David Lintern is a photojournalist and writer whose work includes creating stories for publications such as The Guardian, National Trust for Scotland, BBC and others. His project The Body Keeps the Score takes its mysterious title from a book he found on his mother’s shelf when he was clearing out her house after her death. It refers to how trauma, something most would consider to have purely psychological consequences, can actually be internalised and transpire within the physical body rather than just the mind.

© David Lintern | The body keeps the score
© David Lintern | The body keeps the score

The images we see here were made in the space of only a few days and they depict an old tree nursery which, unsurprisingly, has now been earmarked to be the site of building development on the south coast of England. Albeit the photographs were only made in a week or so, they carry a huge emotional significance for the author that is palpable — it’s a place he used to visit with his mum and walk her dog when she was unable to do so herself. Lintern has captured the ghosts of the past and the memories they carry of significant moments spent with a beloved one.

A photograph is so much more than what it simply shows on the surface. It contains layers upon layers of meanings which vary wildly depending on who is looking at it.
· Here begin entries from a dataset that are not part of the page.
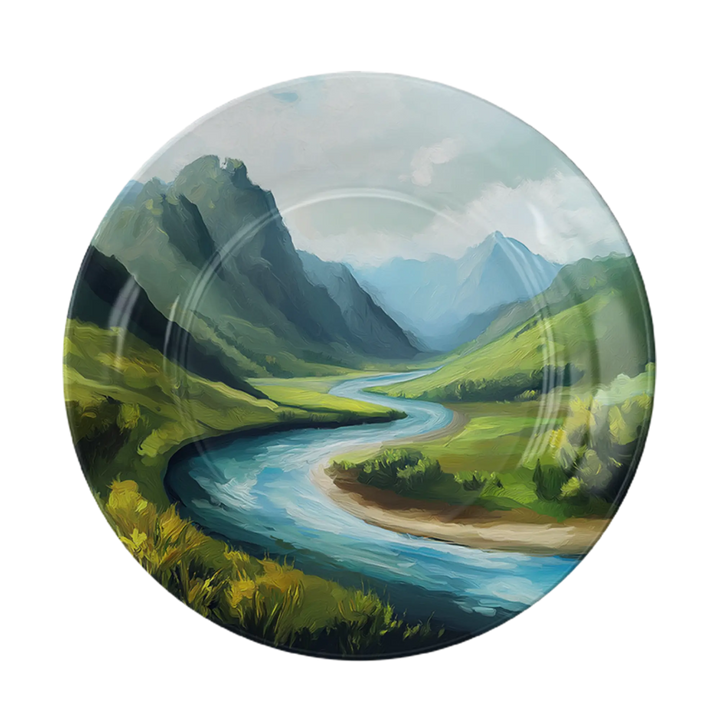 Meandering Blue Bliss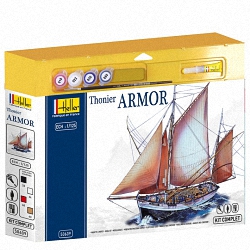 Heller 1:125 Gift Set - Thonier Armor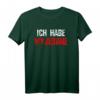 Ich Habe Wyjebane Polen Polska - Lustiges Geschenk T-Shirt für Polen-Liebhaber und Feiernde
In this instance we see a great example of how images marry up with context; if someone was to see them without the information provided, they would see beautiful light, mist, water and some houses. In other words, the true essence of the meanings of The Body Keeps the Score would be impenetrable. Once we know more about the photos, we see the photographs with completely different eyes, perhaps we put ourselves in the photographer’s shoes and imagine what he might have felt while clearing out the house of his mother after her funeral. Lintern used to visit these places when he was a teenager, smoking menthol cigarettes in the middle of abandoned brickworks.